Star Trek TNG Outfit

Knit Top & Skirt (Butterick 6285)


This is going to surprise anyone who knows how I'm a lifelong sci-fi nerd, but I just went to my first convention this past October. My friend who also sews costuming invited me to be on a costuming panel. (If you're unfamiliar with the con world, this is sort of like a seminar, where we discussed methods of reproducing costuming... a very large topic to cover in just an hour, for certain!)

Anyway, I wore my Alice costume the first day (for our presentation). But I wanted something more casual for the second day.

Okay. I'll be honest. I wanted an excuse to get some of the new line of Star Trek fabric featuring characters from The Next Generation (the Star Trek I watched when I was little).

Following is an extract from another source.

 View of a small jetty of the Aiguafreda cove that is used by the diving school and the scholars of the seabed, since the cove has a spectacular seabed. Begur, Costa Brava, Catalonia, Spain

I also wanted to try out this Pattern by Gertie that I'd recently picked up on sale. The skirt looked like it would be fun. It's very full but rather than gathered at the waist or in circle-skirt fashion, it has deep, multi-layered pleats.

Butterick 6285
It turned out way too large... but I think this was due to the fact that I had to fussy cut and piece the sections (hiding the seams in the pleats) because the fabric was too narrow (I think the pattern calls for at least 45" wide... standard quilters cotton is only 42" -sometimes less with the selvage waste). Also, it's a directional print. However, I only rounded up to the nearest yard from the requirement, and had the perfect amount of fabric.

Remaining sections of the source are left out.